▶ [What the task asks] Beginning at the line that mentions "Happy Fall Y'all", retype the rest of the records below exactly. Pictures are not part of the copy.

▶ [Data for analysis]
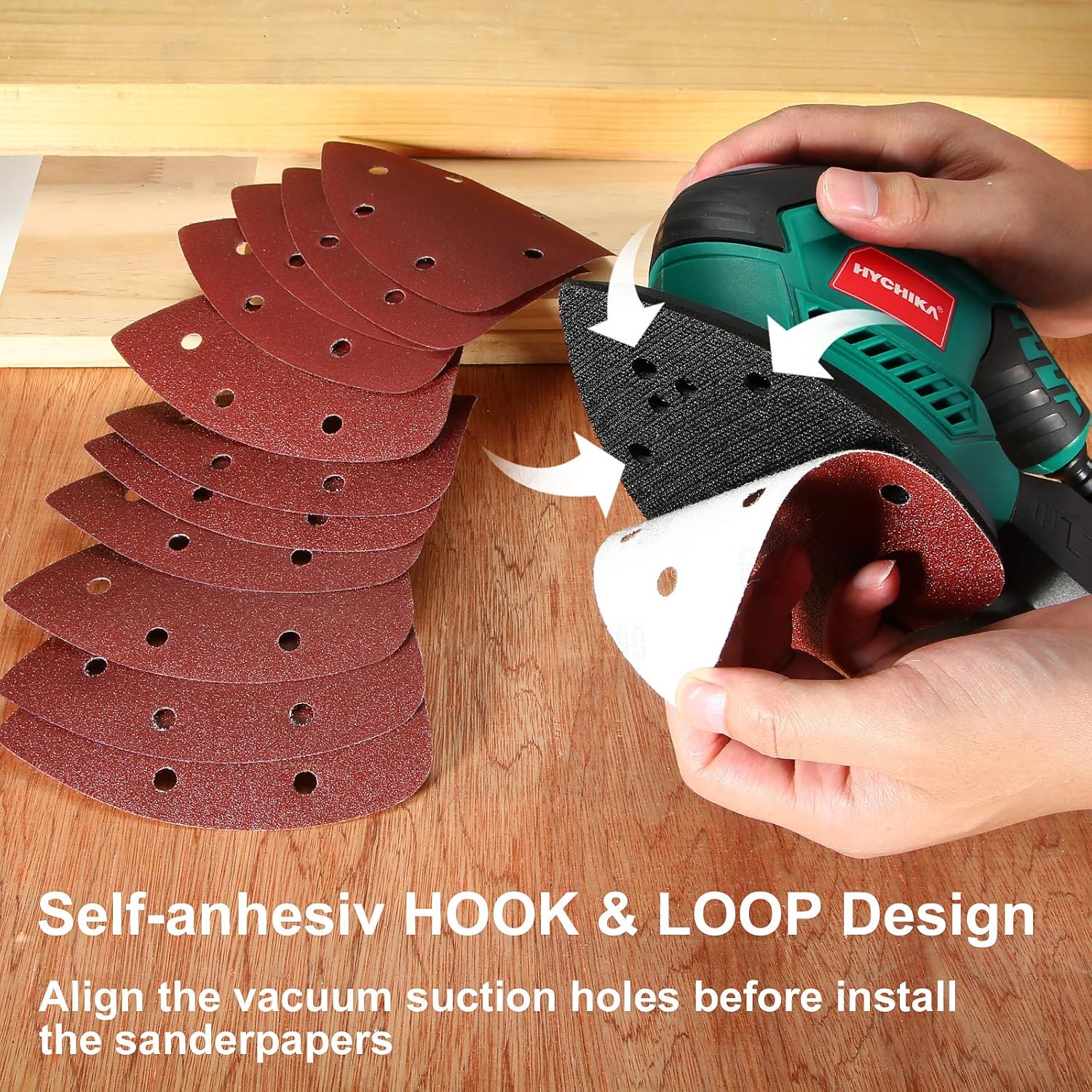 HYCHIKA 200W Electric Sander with Dust Collector, 12PCS Sandpapers, 14000RPM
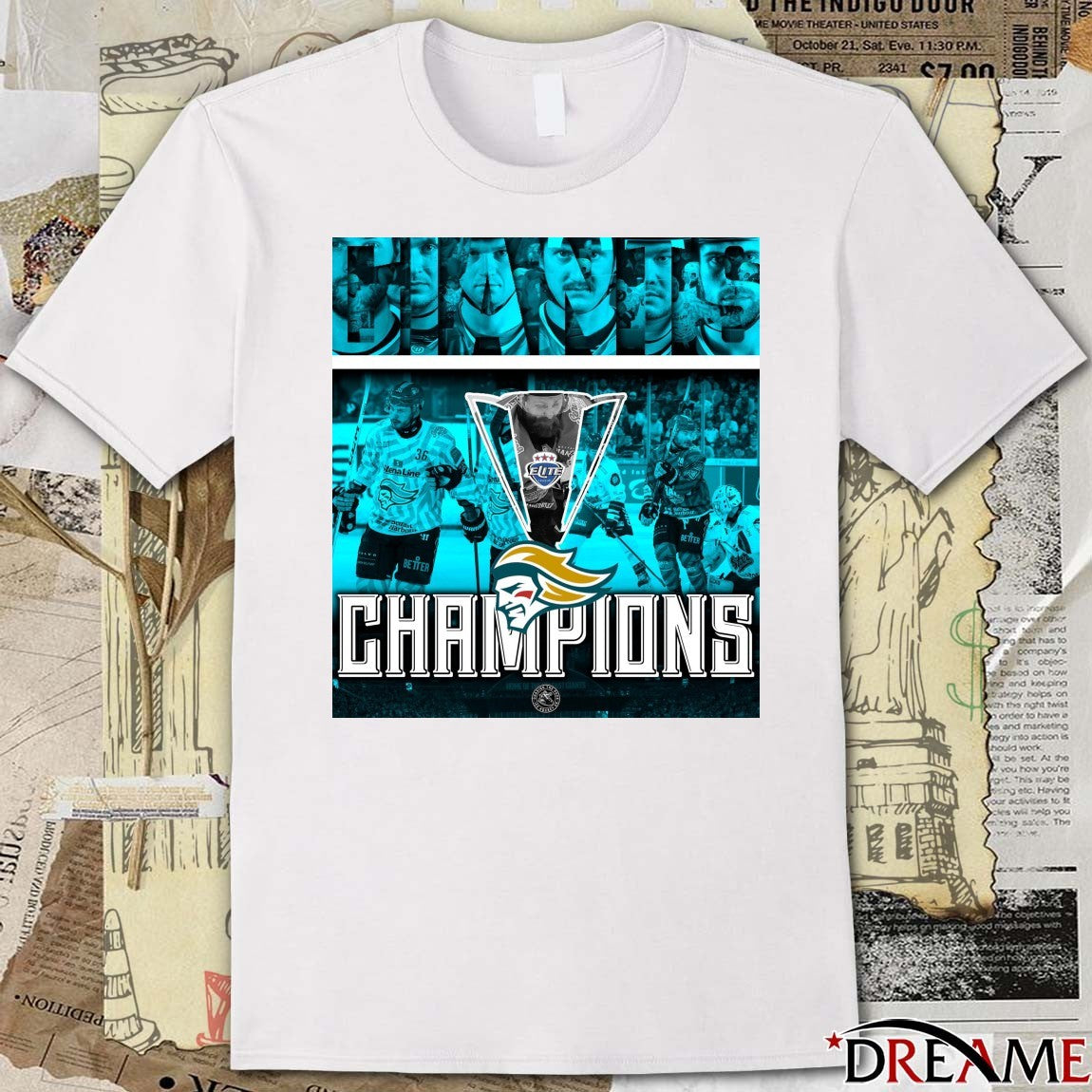 Belfast Giants Champions 2026 Elite Ice Hockey League Chasing The Puck Hockey Poster t-shirt
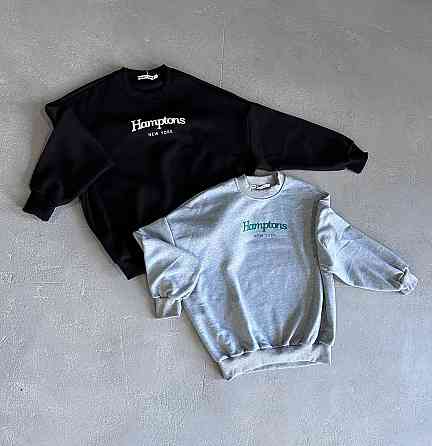 Женский теплый базовый оверсайз свитшот трехнитка на флисе + рибана Черный Одесса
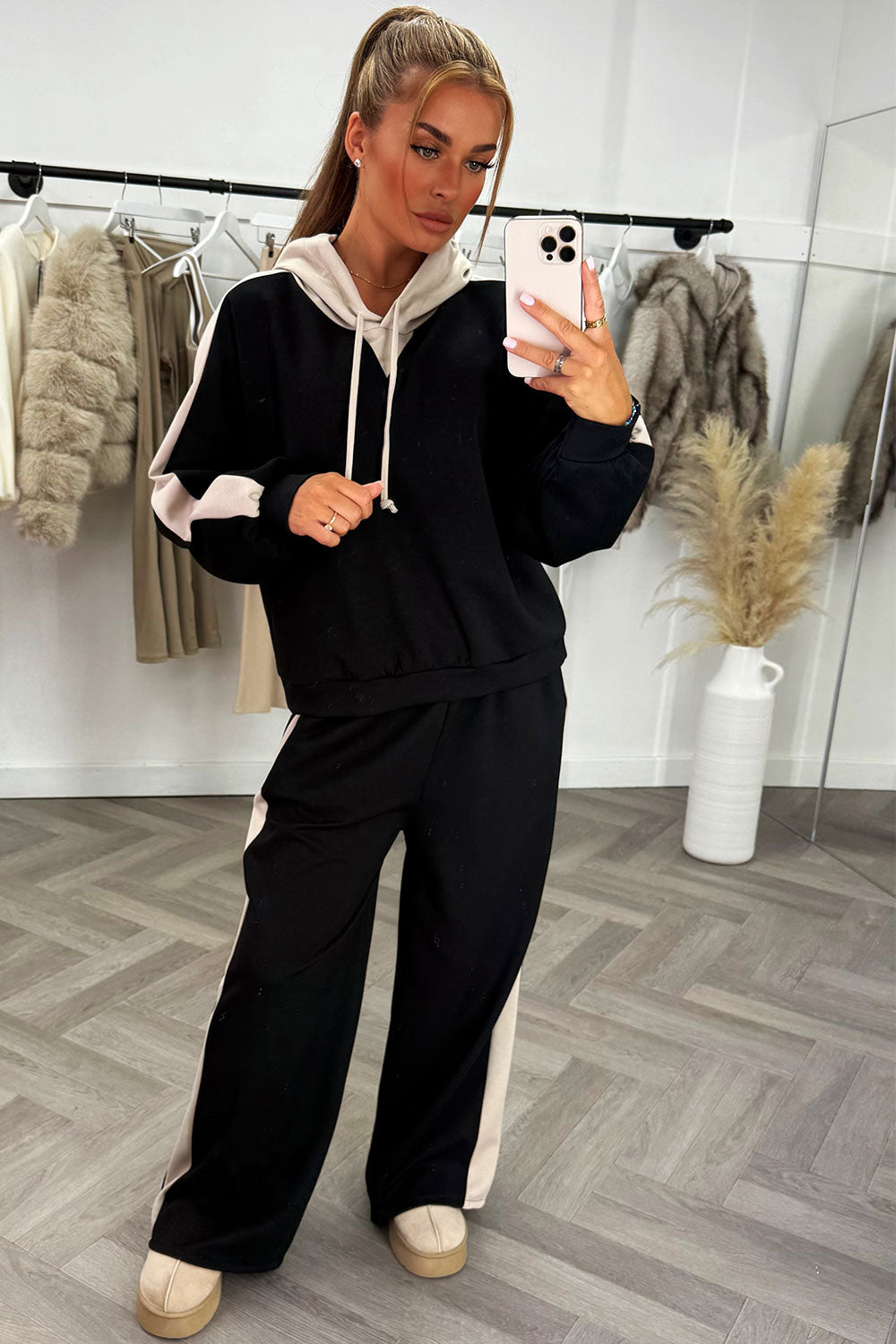 womens contrast tracksuit hooded sweatshirt and joggers co ord set 
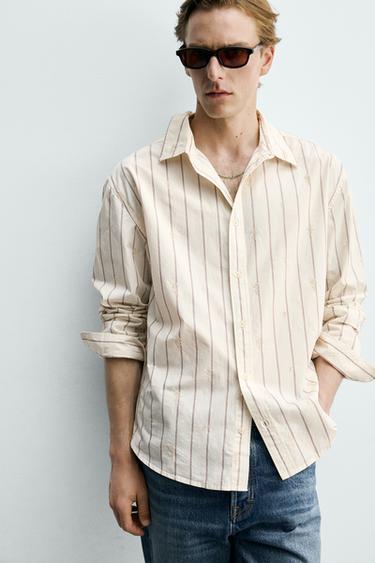STRIPED SHIRT WITH FLORAL EMBROIDERY - Ecru by Zara - Image 4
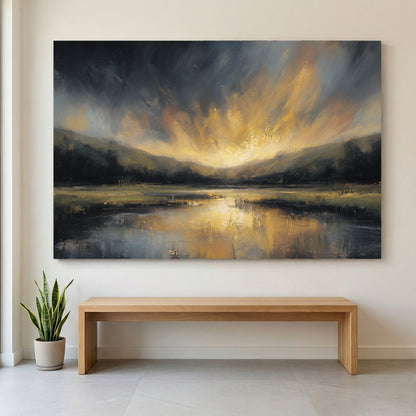 Golden Sunset Lake Moody Landscape Painting canvas wall art print displayed in a styled living room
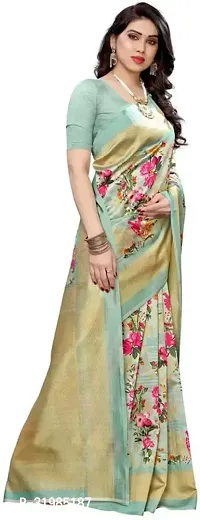 Stylish Green Cotton Silk Saree With Blouse Piece For Women-thumb3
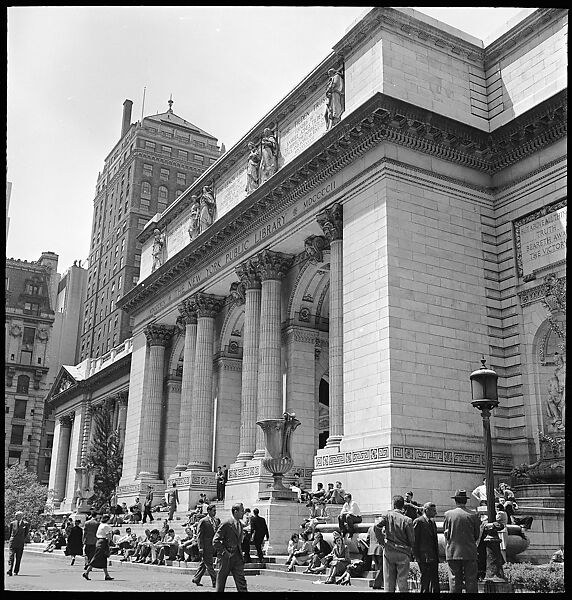 [68 Views of New York Public Library on Fifth Avenue, Bryant Park, and Studies of Reading Room, Stacks, Rare Book Room, and Readers, Possibly Commissioned for Unpublished Vogue Article, 1949, Including Four Portraits of Jane Smith Evans], Walker Evans (American, St. Louis, Missouri 1903–1975 New Haven, Connecticut), Film negative
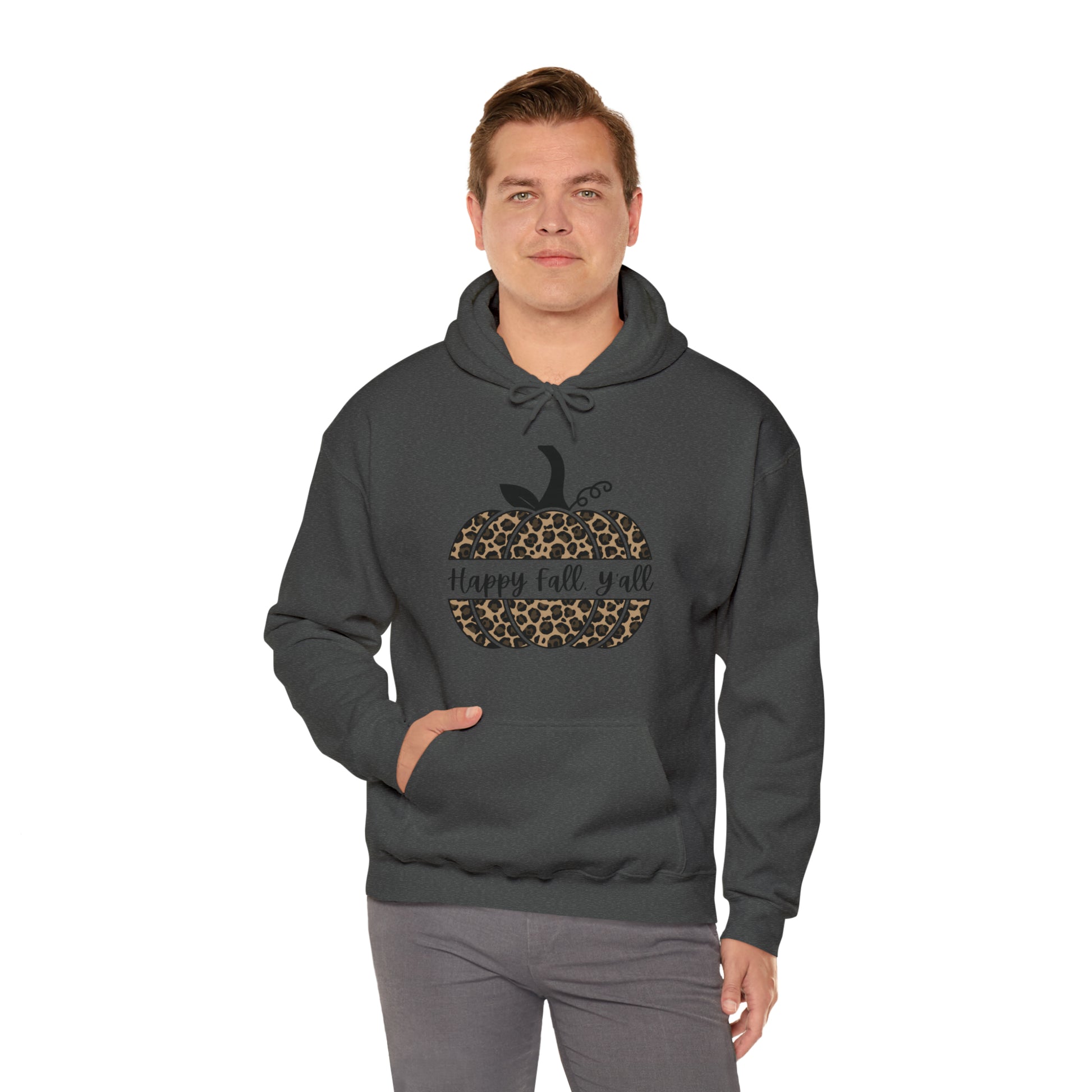 Happy Fall Y'all Hooded Unisex Hooded Sweatshirt | DTG, Hoodies, Men's Clothing, Regular fit, Unisex, Women's Clothing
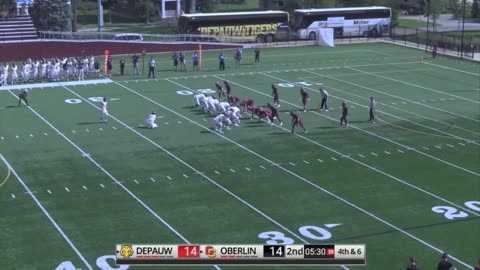 October 6, 2018 - Two Safeties Give DePauw 28-26 Football Victory at Oberlin College (HD)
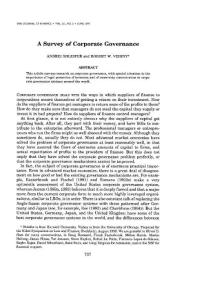 A  survey of corporate Governance
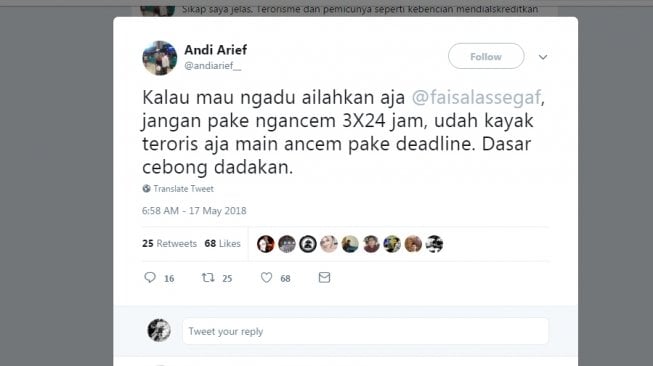 Tweet Andi Arief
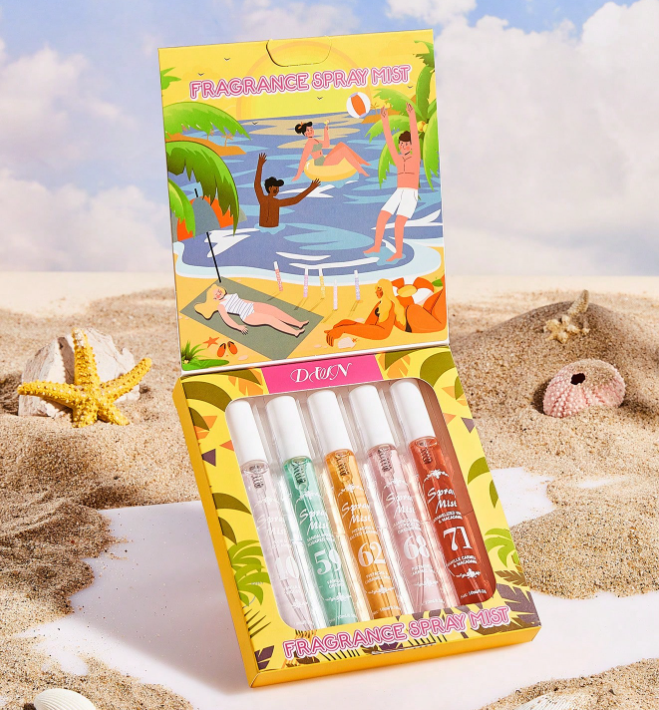 Coffret Cadeau Brume Corporelle Parfumée pour Femme (5x10ml), Idée Cadeau sol de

▶ [Answer box]
 Happy Fall Y'all Hooded Unisex Hooded Sweatshirt | DTG, Hoodies, Men's Clothing, Regular fit, Unisex, Women's Clothing
 October 6, 2018 - Two Safeties Give DePauw 28-26 Football Victory at Oberlin College (HD)
 A  survey of corporate Governance
 Tweet Andi Arief
 Coffret Cadeau Brume Corporelle Parfumée pour Femme (5x10ml), Idée Cadeau sol de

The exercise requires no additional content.